# Grooming a Grey for Auction



## 1dog3cats17rodents (Dec 7, 2007)

Try quicksilver. It is a miracle for white/light grey horses. Scrub it in really, really well and then wait 5-10 minutes before rinsing. You can also oil his feet right before, and of course brush out his mane and tail. It can't hurt to trim his whiskers either


----------



## xilikeggs0 (Sep 14, 2008)

Use Cowboy Magic Stain Remover to get rid of the brown/green spots.
Regular Cowboy Magic will make his coat smooth, shiny, and soft, as well as detangle his mane and tail.

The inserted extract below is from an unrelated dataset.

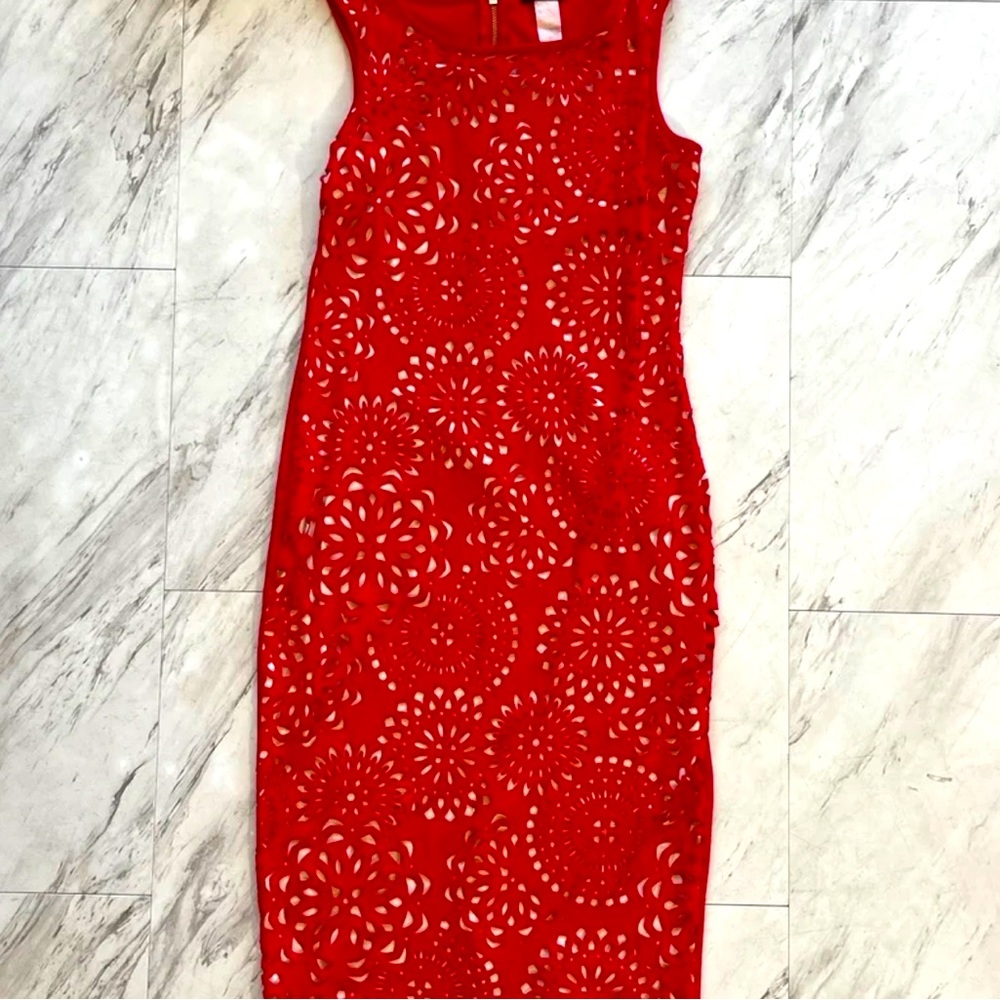Holiday women red sleeveless over knee straight dress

I prefer long manes, but I would suggest at least trimming his so that it's all even.


----------



## Ne0n Zero (Dec 25, 2008)

Cowboy Magic & QuikSilver. 

Rio Vista Mane & Tail Conditioner does WONDERS for mane and tail.

Also, braid the mane overnight so it's all on one side. If you have time, leave it in for a few days, then leave it out for a few so it has time to straighten itself out.


----------



## Cat (Jul 26, 2008)

There is a blue shampoo (I forget the name, but I got it from TSC) that works wonders on light colored horses - including greys. It gets the spots out great when you follow the directions and makes them gleam. If its too cold or you can't get him to work with the water well - they do have dry shampoos you can use, but they aren't going to work as well.

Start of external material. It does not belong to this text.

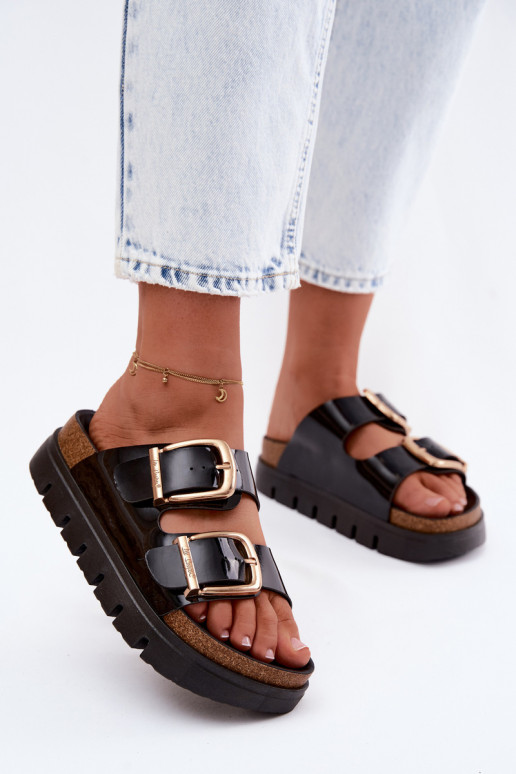 s lakovým efektom Dámske papuče s platformou Ze zlatej farbymi s prackamimi Lee Cooper LCIN-26-35-4459L čierna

Your friend probably would not appreciate the mane to be pulled and I don't think just combing it will make it "neat" looking. How about a braid for it?

Trim ears and whiskars.

Also, use a nice looking halter - maybe leather?


----------



## Jubilee (Dec 15, 2008)

I have about two weeks to prepare for this project, and I can get started at anytime, I don't have to do it all at once. I plan to braid his hair into small braids and set it will gel or something (does normal human hair gel work on horses?) to get all the hair to one side. I'm not going to actually cut any of his hair or whiskers because #1 he's not my horse and #2 he's a pasture horse and he needs the hair for his natural defensive against the elements. 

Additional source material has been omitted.